Types of Thermodynamic Systems

Type of Systems


The term “surroundings” refers to everything outside the system that affects how it behaves. There is a boundary separating the system from its surroundings. It could be stationary, mobile, or fictitious. It won’t take up any space in terms of mass or volume. For example, consider a closed beaker with liquid inside as shown below. The liquid inside the beaker is the system, while the outline of the beaker represents the boundary of the system. And matter outside the system and boundary is called its surroundings.

Thermodynamics Systems

System and Surroundings


Heat is energy that is transmitted between objects or systems as a result of a temperature difference. Heat is conserved energy, which means it cannot be created or destroyed. However, it can be moved from one location to another. Additionally, heat can be transformed into and out of various types of energy.

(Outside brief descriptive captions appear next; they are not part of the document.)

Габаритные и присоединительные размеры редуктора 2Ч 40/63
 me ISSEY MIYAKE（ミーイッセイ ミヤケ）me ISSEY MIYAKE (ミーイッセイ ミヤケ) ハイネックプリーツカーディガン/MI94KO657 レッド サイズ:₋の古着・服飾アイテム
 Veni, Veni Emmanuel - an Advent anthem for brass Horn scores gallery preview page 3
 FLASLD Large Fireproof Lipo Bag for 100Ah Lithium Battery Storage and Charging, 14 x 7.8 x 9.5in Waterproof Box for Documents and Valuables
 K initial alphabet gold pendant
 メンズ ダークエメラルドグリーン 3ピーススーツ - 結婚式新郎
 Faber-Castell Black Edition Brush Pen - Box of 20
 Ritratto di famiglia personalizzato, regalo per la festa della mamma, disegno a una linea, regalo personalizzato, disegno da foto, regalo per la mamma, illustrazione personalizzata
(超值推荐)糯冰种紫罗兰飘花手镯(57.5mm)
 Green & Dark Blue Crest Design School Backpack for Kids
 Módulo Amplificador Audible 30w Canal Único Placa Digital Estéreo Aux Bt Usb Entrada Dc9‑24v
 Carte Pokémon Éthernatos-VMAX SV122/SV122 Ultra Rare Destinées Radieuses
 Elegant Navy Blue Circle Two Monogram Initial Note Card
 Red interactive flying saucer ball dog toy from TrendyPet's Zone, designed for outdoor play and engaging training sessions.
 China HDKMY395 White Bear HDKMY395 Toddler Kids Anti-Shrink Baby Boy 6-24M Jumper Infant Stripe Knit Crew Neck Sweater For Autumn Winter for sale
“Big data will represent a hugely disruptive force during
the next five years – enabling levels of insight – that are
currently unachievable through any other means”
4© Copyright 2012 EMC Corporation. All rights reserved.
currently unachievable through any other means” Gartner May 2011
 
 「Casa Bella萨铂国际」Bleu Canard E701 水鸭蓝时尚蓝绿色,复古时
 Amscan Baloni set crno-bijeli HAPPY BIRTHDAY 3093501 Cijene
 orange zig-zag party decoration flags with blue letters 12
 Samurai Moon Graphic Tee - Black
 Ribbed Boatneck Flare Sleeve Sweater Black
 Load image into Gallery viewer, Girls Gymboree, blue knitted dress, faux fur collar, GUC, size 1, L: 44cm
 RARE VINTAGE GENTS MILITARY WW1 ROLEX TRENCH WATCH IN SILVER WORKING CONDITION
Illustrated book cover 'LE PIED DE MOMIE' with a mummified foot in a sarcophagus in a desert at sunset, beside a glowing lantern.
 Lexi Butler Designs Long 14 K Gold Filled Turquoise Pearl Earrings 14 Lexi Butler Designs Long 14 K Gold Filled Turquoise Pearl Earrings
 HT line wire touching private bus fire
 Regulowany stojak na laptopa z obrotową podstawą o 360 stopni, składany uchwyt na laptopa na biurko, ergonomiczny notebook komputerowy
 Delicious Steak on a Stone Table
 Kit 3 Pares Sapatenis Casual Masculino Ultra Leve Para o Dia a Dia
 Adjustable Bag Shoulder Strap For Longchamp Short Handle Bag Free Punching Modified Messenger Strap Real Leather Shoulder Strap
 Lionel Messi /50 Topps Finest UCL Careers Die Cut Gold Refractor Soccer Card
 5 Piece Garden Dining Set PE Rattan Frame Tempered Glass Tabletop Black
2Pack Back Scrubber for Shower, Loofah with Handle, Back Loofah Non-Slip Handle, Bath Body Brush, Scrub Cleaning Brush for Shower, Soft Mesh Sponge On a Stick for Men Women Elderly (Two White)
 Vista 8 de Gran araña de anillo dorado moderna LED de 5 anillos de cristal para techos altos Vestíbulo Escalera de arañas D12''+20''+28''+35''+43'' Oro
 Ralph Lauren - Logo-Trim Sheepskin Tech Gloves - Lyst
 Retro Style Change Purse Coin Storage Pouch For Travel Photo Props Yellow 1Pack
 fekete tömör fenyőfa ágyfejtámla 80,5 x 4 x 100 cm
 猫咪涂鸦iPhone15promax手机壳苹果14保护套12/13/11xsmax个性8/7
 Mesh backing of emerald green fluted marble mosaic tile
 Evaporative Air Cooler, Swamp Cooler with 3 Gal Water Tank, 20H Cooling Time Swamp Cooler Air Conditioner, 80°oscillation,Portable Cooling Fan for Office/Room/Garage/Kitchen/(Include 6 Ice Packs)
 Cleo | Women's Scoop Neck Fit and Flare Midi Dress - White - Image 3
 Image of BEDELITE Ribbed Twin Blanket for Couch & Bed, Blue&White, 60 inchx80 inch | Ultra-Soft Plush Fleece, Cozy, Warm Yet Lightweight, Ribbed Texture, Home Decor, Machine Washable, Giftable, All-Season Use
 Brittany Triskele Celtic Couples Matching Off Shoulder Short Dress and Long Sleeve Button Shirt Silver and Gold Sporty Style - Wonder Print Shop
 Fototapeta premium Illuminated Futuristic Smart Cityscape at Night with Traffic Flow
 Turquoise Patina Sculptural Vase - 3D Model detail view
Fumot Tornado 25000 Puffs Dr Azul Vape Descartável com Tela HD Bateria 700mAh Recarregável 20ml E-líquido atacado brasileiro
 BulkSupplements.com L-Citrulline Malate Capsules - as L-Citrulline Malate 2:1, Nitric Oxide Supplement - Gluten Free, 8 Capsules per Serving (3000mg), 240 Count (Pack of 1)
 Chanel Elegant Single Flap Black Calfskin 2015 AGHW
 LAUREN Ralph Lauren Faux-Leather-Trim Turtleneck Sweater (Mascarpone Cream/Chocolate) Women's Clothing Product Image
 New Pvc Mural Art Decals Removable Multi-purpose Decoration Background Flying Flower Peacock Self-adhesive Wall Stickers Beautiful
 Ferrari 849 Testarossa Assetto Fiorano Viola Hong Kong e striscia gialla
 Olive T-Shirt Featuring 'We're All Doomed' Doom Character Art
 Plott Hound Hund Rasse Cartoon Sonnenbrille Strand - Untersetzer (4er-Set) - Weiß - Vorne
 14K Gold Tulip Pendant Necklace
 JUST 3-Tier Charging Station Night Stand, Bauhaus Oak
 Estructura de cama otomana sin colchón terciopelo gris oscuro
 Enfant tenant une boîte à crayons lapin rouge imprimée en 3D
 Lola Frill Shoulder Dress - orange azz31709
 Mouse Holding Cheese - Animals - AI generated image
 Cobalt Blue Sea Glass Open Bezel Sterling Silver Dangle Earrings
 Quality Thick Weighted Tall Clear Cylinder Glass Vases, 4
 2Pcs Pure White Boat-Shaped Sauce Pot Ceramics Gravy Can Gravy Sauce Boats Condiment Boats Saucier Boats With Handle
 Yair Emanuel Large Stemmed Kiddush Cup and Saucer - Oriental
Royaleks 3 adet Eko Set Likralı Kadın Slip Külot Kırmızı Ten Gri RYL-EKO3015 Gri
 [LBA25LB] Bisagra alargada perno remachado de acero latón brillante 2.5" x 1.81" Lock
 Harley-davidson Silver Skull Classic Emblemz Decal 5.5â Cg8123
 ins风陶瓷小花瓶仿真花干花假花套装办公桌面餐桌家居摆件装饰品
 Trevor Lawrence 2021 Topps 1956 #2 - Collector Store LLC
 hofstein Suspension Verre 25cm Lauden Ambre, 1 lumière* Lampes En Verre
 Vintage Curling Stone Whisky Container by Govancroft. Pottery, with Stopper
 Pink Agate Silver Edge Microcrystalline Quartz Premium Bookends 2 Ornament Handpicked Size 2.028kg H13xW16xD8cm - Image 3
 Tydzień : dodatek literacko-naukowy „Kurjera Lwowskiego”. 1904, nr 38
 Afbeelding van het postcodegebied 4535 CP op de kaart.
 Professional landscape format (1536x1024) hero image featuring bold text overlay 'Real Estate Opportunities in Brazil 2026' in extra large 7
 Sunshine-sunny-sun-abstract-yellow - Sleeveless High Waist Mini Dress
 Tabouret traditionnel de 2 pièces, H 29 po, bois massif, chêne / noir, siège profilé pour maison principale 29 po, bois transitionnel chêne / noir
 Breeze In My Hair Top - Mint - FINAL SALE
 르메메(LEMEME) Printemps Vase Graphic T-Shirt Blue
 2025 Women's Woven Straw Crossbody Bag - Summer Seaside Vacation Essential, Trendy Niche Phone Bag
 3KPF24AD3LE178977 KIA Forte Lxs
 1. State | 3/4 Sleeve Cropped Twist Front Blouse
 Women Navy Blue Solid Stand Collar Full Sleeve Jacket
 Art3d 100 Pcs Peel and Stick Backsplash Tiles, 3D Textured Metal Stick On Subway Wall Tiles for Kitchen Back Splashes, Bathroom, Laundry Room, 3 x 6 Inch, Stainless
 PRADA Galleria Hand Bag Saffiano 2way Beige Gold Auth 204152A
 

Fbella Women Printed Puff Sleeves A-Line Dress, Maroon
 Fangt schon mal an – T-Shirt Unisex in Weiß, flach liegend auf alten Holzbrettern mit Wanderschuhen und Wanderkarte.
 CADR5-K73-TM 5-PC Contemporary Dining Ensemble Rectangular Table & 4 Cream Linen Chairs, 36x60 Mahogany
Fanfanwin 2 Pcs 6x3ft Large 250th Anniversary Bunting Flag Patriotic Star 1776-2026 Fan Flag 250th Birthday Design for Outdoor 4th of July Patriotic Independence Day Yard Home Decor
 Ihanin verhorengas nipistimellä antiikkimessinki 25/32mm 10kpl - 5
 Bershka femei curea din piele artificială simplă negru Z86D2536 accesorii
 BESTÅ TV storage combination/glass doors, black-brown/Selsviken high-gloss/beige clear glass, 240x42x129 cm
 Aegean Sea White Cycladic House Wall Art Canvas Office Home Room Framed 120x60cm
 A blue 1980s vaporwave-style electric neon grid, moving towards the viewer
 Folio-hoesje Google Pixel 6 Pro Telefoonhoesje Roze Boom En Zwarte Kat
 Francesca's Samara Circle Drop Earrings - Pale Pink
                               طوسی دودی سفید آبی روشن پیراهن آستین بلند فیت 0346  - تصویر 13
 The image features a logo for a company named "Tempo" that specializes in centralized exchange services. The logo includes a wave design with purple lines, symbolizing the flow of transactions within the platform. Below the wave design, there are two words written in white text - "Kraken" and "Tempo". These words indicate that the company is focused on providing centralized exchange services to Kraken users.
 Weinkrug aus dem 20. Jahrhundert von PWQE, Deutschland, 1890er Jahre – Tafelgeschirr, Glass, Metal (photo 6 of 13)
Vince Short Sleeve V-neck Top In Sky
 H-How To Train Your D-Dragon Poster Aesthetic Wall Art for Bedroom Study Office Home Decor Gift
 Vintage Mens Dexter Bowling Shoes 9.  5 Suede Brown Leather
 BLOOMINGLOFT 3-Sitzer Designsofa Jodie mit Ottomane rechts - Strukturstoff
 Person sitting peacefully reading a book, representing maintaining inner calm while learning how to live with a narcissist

The work done by a system or on a system during a process depends not only on the system’s starting and final states but also on the path chosen for the process. When a force acting on a system moves the body in its own direction, work has been done. Force and displacement combine to create the work (W) that is done to or by a system.

Internal Energy

The kinetic and potential energies of the molecules are added up to form internal energy. The system’s internal energy is represented by the letter U. Kinetic energy is the energy that molecules or atoms possess due to their motion. Two molecules have some potential energy because they are attracted to one another. The total kinetic and potential energy of the atoms or molecules that make up a system is what is known as the system’s internal energy.

Thermodynamic Properties or Variables 

A thermodynamic system can be described by specifying its pressure, volume, temperature, internal energy, enthalpy, and the number of moles. These parameters or variables are called thermodynamic variables. 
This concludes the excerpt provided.